Europe could be facing a Lehman moment, the European Central Bank has warned. Yet the credit markets seem to be intent on enjoying a Chuck Prince moment, obeying the former Citigroup boss's dictum that "as long as the music is playing, you've got to get up and dance." How else to explain the continuing disconnect between roaring risk appetite and the threat posed by a possible Greek bond restructuring?
Greek bonds trade at levels that reflect the market's view that a substantial restructuring is inevitable. Underlining what is at stake, the ECB has warned that any move to "re-profile" Greek debt by extending maturities would constitute a credit event, making the bonds ineligible as collateral for borrowing under ECB rules. Yet other parts of the bond market appear unconcerned. The cost of insuring corporate debt has remained low, and Europe's high-yield bond market is on a tear, with issuance running at a record pace.
In mid-2007, Mr. Prince's confidence reflected a belief that there was enough liquidity in the system to deal with a shock from the U.S. subprime mortgage market. That both overestimated the persistence of liquidity and underestimated the linkages between different parts of the financial markets.
Policy makers and markets may be making the same miscalculation today. Liquidity is a key driver of credit markets again, although it is now provided by the public rather than private sector. Central banks have reduced the return on cash to zero, driving a search for yield. Markets have an inbuilt momentum: investors who take defensive positions fearing a Greek debt restructuring will underperform if a restructuring does not occur.

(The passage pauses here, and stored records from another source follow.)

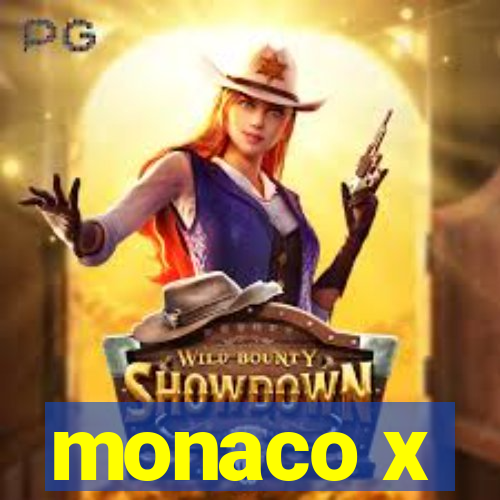 monaco x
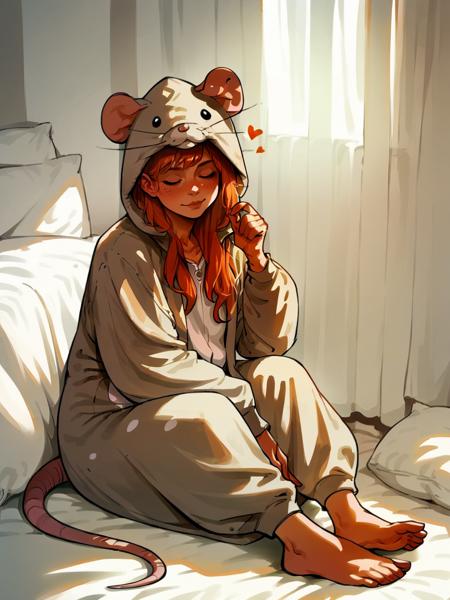 Rat Onesie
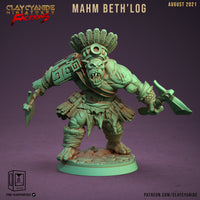 Ugoks - Clay Cyanide Factions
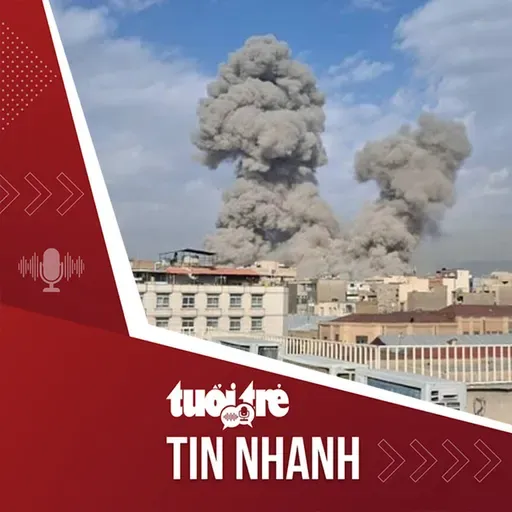 Tin tức tối 28-2: Mỹ và Israel hiệp lực tấn công Iran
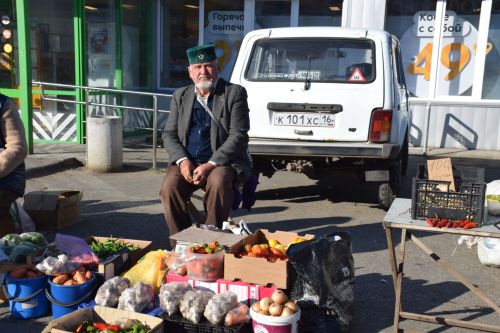 В Единый день голосования в Нурлате стартовали традиционные осенние ярмарки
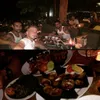 Liburan Gaston Castano di Bali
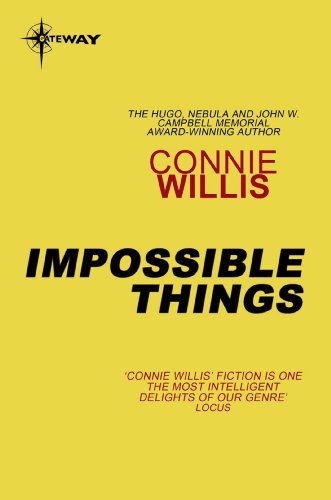 Impossible Things (English Edition)
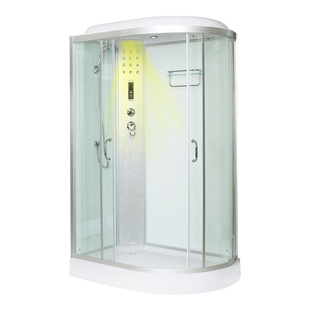 整体淋浴房整体浴室浴房封闭一体式钢化玻璃包邮包安装洗澡房上楼
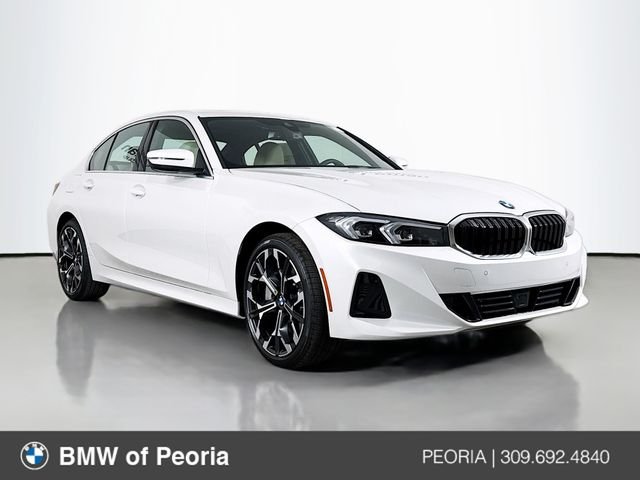 2025 BMW 3 Series 330i xDrive Sedan's photo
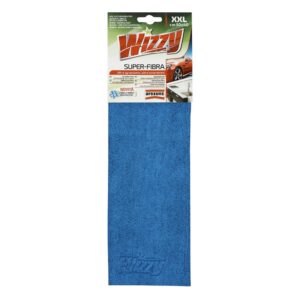 AREXONS WIZZY SUPER FIBRE mikroszálas törlőkendő poliuretán bevonattal, 50x40 cm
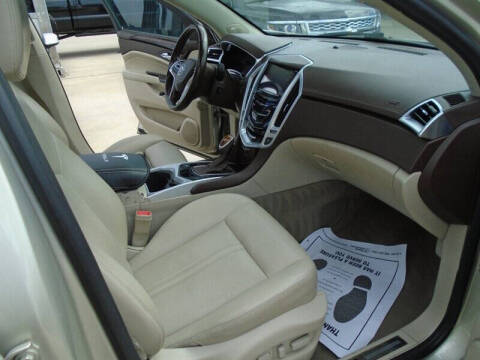 2014 Cadillac SRX Premium Collection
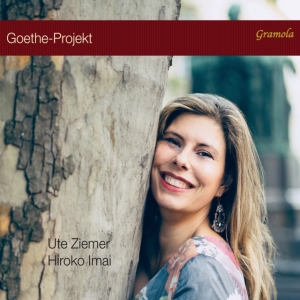 Amy Beach Alban Berg Edvard Grieg - Goethe-Project in der Gruppe Externt_Lager / Naxoslager bei Bengans Skivbutik AB (4159786)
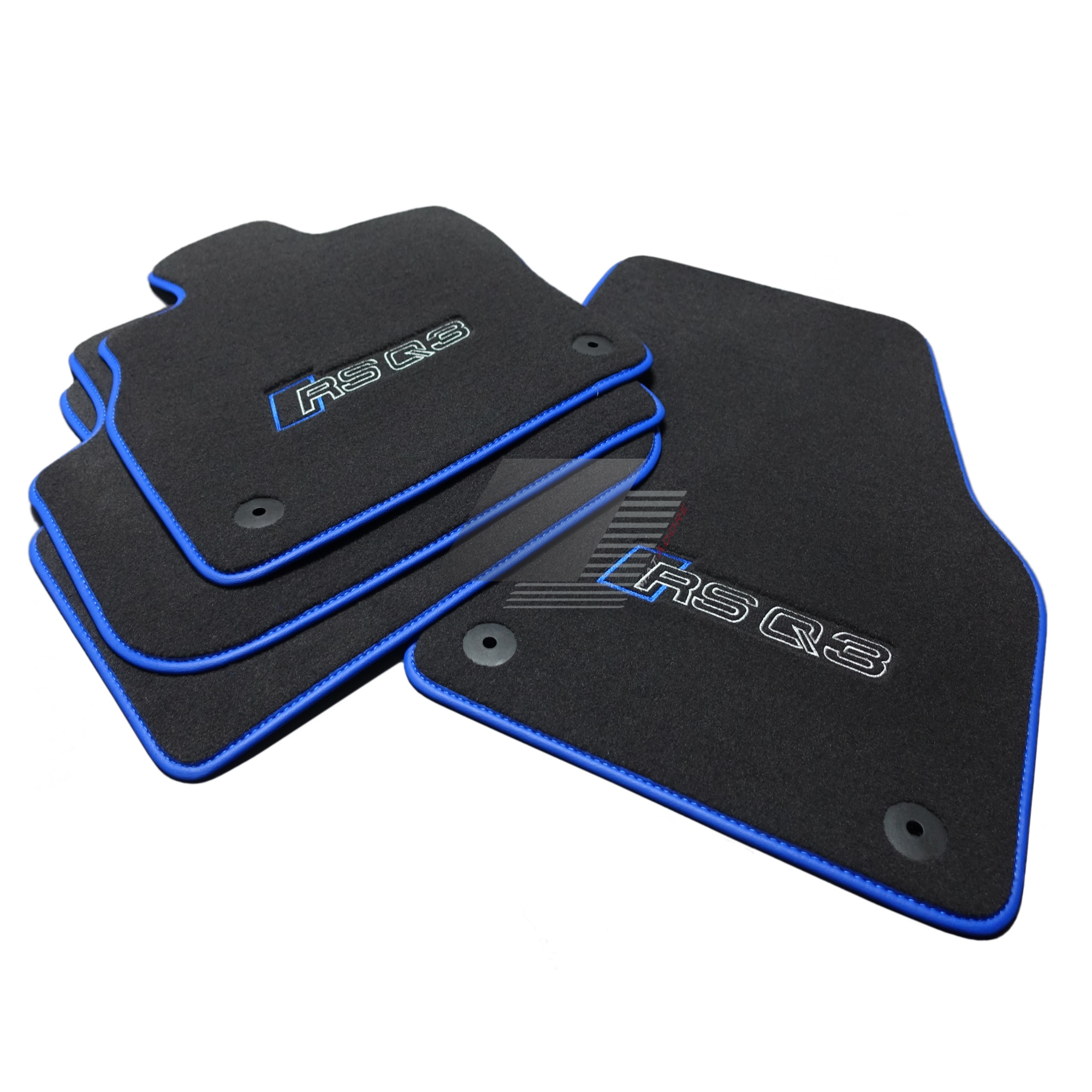 Audi Q3 Floor Mats 2018 Onwards *RHD #RSQ3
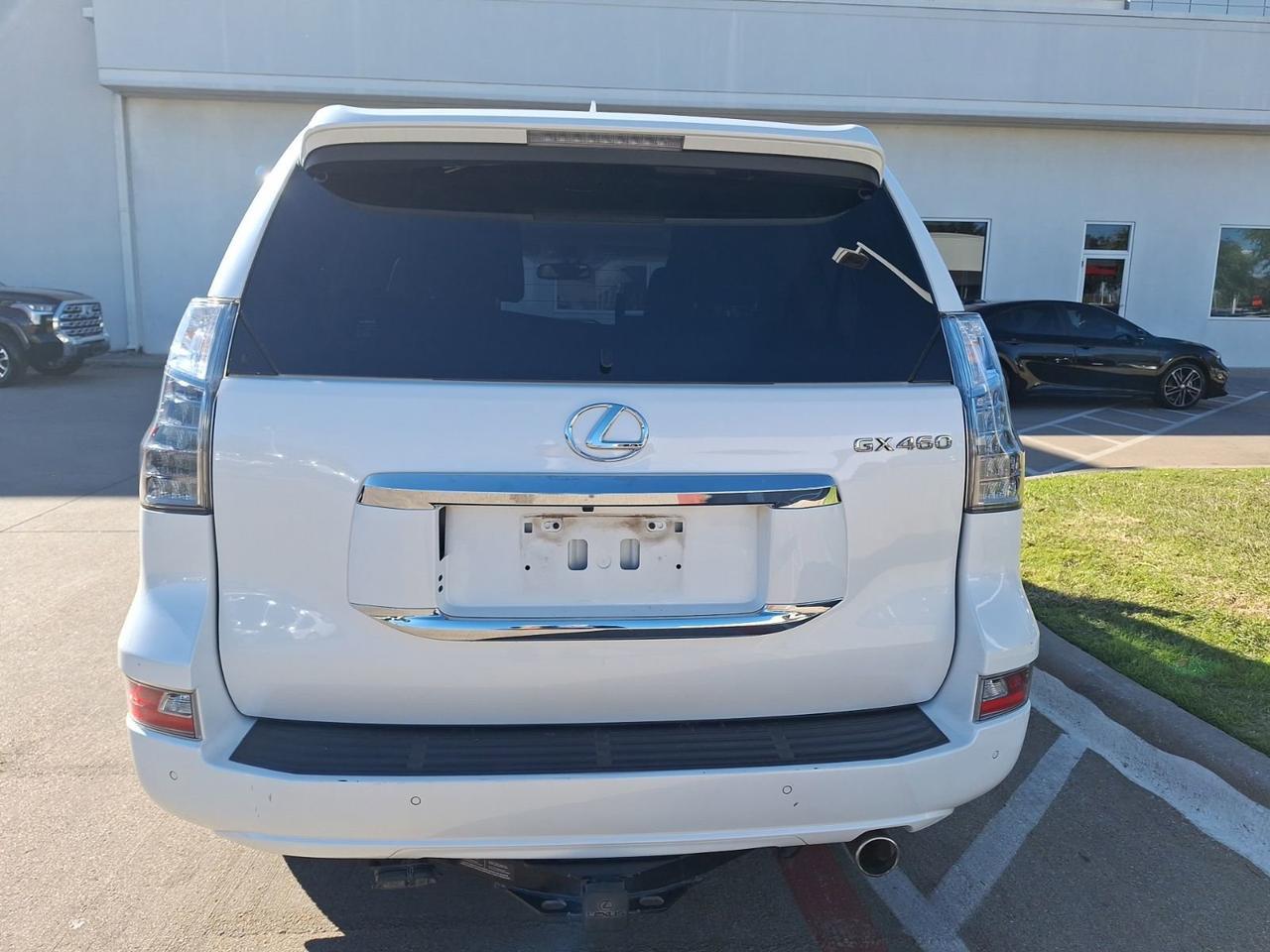 2019 Lexus GX 460 Hurst TX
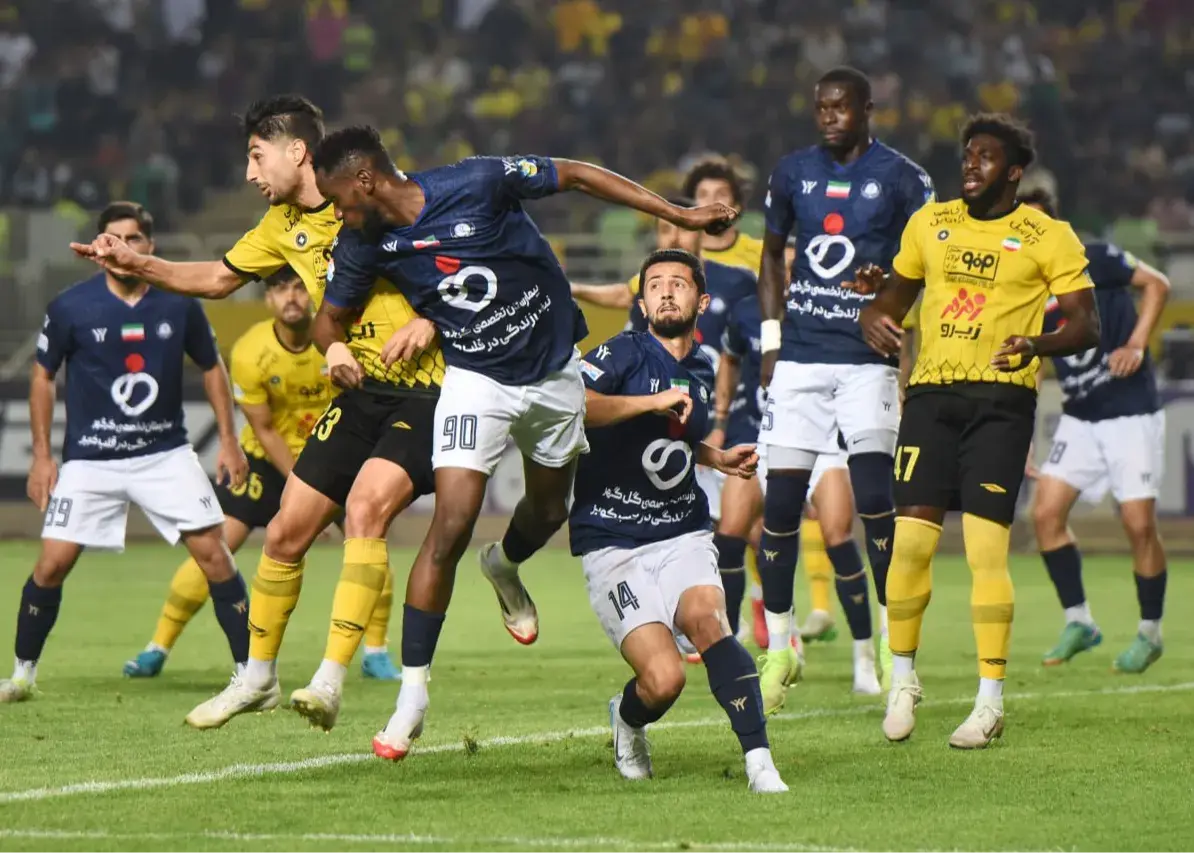 هفت بازیکن سپاهان احضار شدند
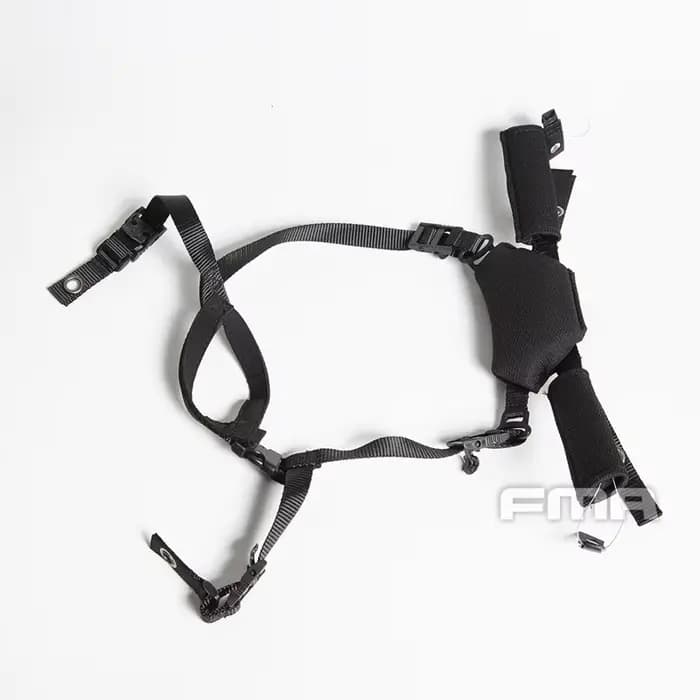 Accessoire casque FMA : sangle de doublure de suspension EX avec système BOA - Modification de mise à niveau réglable
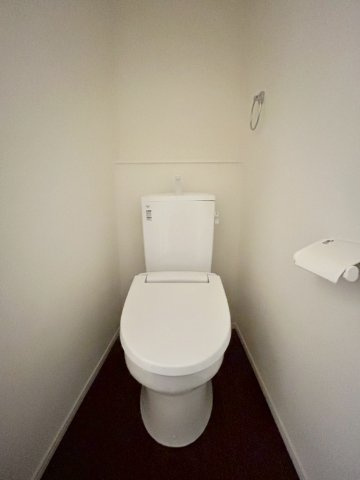 【トイレ】の画像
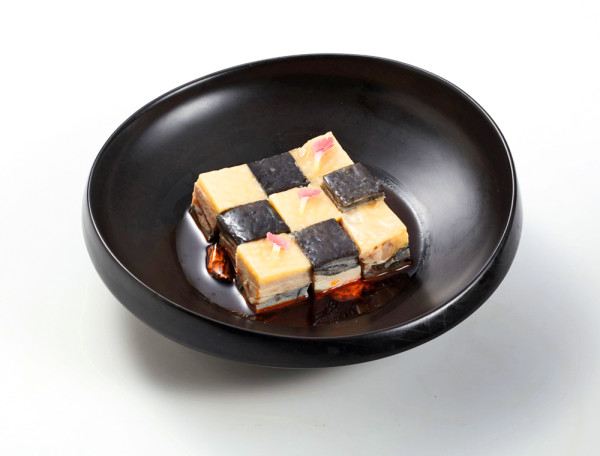 摩登廣東菜「澐 · NUVA」   完美演繹創意美學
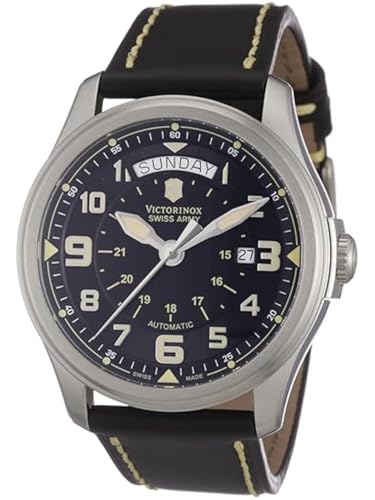 Victorinox Infantry 44 mm Dark Grey Dial Men Watch - 241397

As a result, markets ignore second-round effects until they can no longer do so. Prices for Greek bonds suggest a restructuring is "priced in" and need not be a shock. But contagion effects are unpredictable. The banking system remains vulnerable to the sovereign crisis.
The music is still playing. But European politicians seeking a Greek debt restructuring shouldn't be lulled by the lack of reaction in markets to their discussions. The crowded dance floor could empty quickly.